Once the pedigree is imported, the analysis process may be begun. You can perform PBAT CNV family-based analysis by selecting PBAT -> PBAT CNV Analysis from the project menu. A parameter selection dialogue will open.
23.5.2.2 Major CNV Parameters
A few major parameters may be selected near the top of the screen–these are as follows:
- The phenotype spreadsheet. (See the beginning of Subsection 23.4.3 for a discussion of selecting the phenotype spreadsheet.)
- The DSF copy-number data file. (Select the “.dsf” file of log2 ratio data. Use the “Browse” button for easier file selection.)
- The selection of chromosomes from the DSF copy-number file. When you select the “.dsf” file of log2 ratio
data, a list of chromosomes within that file will appear.
If you wish to deselect some of these, press the “Choose” button to get a chromosome selector. This will have a check box for each chromosome, so that you can deselect any chromosomes that you wish.
- The spreadsheet containing the pedigree, gender, and affection status information. Clicking on the “Browse”
button here will pull up a spreadsheet selector. Click on the desired pedigree spreadsheet and click OK.
NOTE: The pedigree-information spreadsheet may also contain genotypic information–however, this will simply be ignored during CNV analysis.
23.5.2.3 Other CNV Parameters
The other parameters for CNV PBAT analysis include phenotype (and other variable) selections, the type of analysis, type of screening, phenotype parameters, haplotype parameters, test statistic parameters and computational parameters. The remaining parameters are organized into four tabs, visible below the major parameter selections.

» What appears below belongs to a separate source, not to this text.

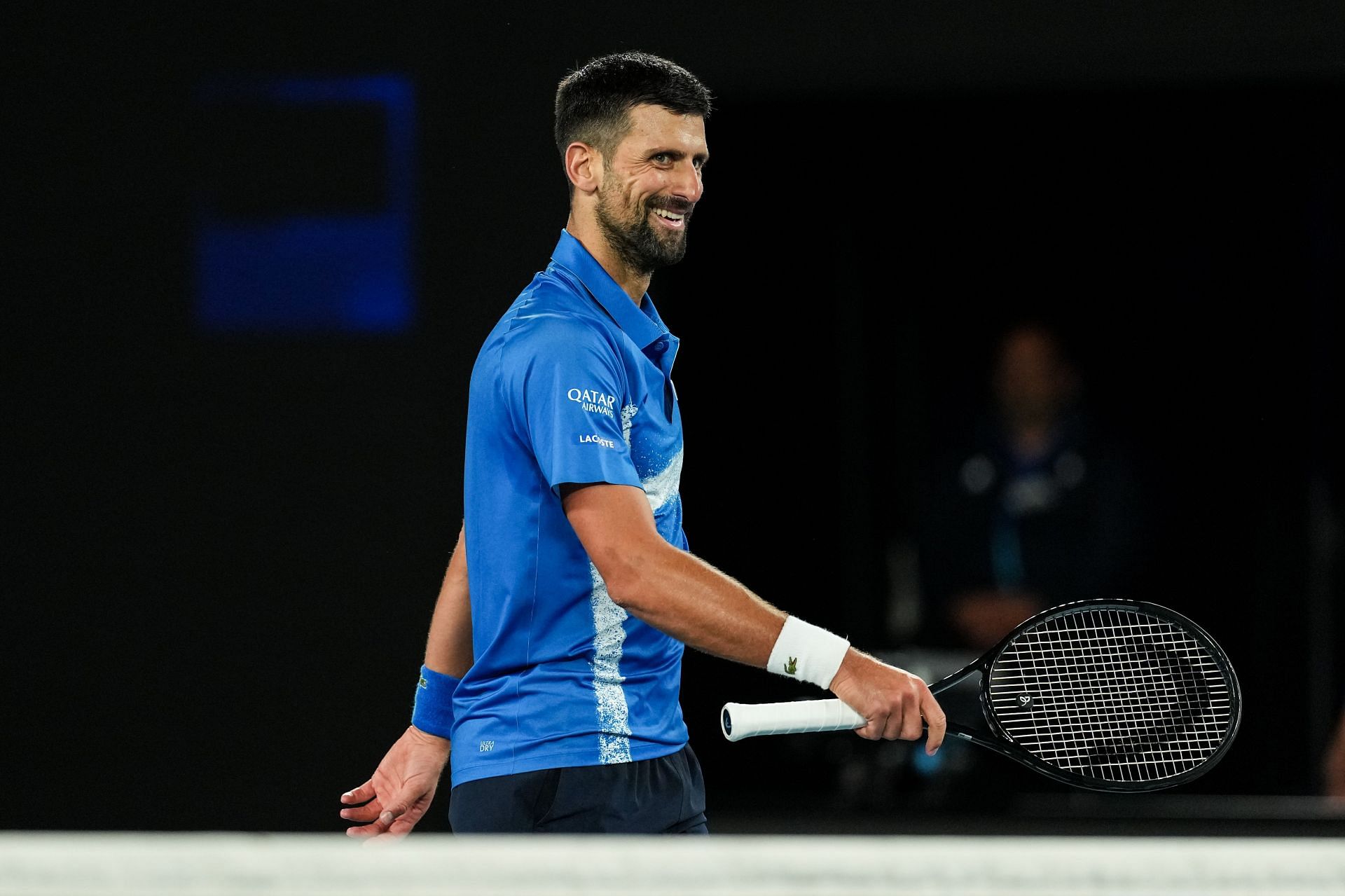 Novak Djokovic at the 2025 Australian Open (Source: Getty)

These tabs are as follows:
- Select Phenotypes
Figure 23.19: The Select Phenotypes tab of the PBAT CNV analysis dialog.
Select the phenotypes in the same way that you would for genotypic PBAT analysis. (See 23.4.3.)

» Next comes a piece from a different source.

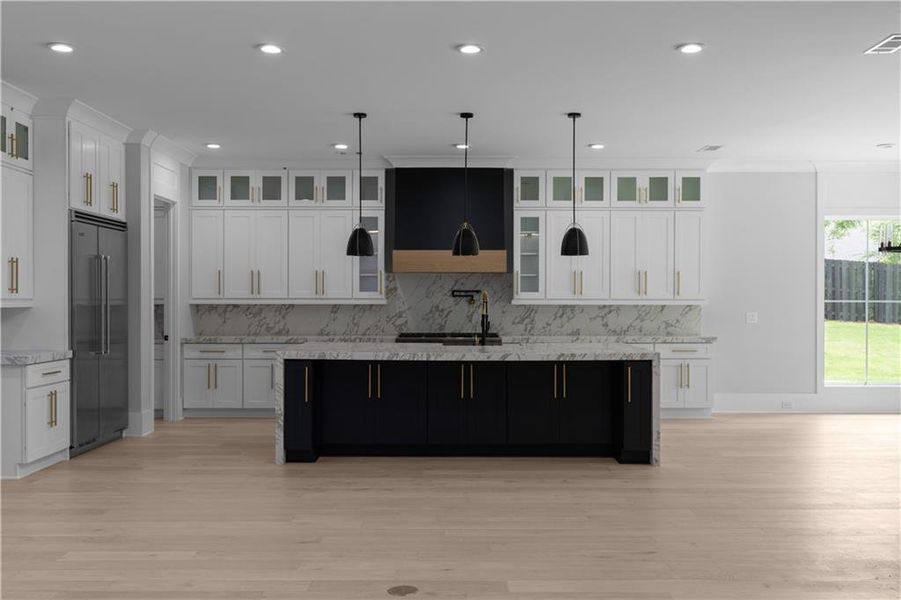 Furnished interior view inside a new home in , Suwanee (Image 7).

NOTE: Time-to-onset analysis is not available for HelixTree CNV PBAT. Thus, it will not be possible to select a censor variable.
- Phenotype Parameters
Figure 23.20: The Phenotype tab of the PBAT CNV analysis dialog.
The phenotype parameters supported by HelixTree CNV PBAT are:
- Maximum and Minimum Number of Phenotypes per Group
- Offset Choice
- Compute All Predictor Sub-Models
- Transformations
Please see the beginning of Subsection 23.4.4 for a discussion of these parameters.

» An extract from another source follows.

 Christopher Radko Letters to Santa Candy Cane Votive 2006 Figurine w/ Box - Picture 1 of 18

- Test Statistic and Computational
Figure 23.21: The Test Statistic and Computational tab of the PBAT CNV dialog.
The test statistic and computational parameters supported by HelixTree CNV PBAT are:
- Test Statistic (NOTE: Only FBAT-GEE and FBAT-PC are available for HelixTree CNV PBAT.)
- Null Hypothesis
- Screening Type
- GFBAT
- Maximal Number of Non-Founders in One Pedigree
- Maximal Iterations for GEE
- Significance Level
- Output Format
See Subsection 23.4.5 for discussions of these parameters.
- Multiple Processes
NOTE: Multiple processing is not available for HelixTree CNV PBAT.
NOTE: In general, CNV computations will be faster than genotypic calculations because the algorithm for obtaining expected intensity values is simpler than that for obtaining expected genotypic scores.
23.5.2.4 Outputs
Outputs from PBAT copy-number variation analysis are almost completely the same as the corresponding outputs from genotypic PBAT analysis, with the exception that fields that do not make sense for CNV analysis are not output.
See 23.4.7.6 for a description of the outputs from genotypic PBAT analysis.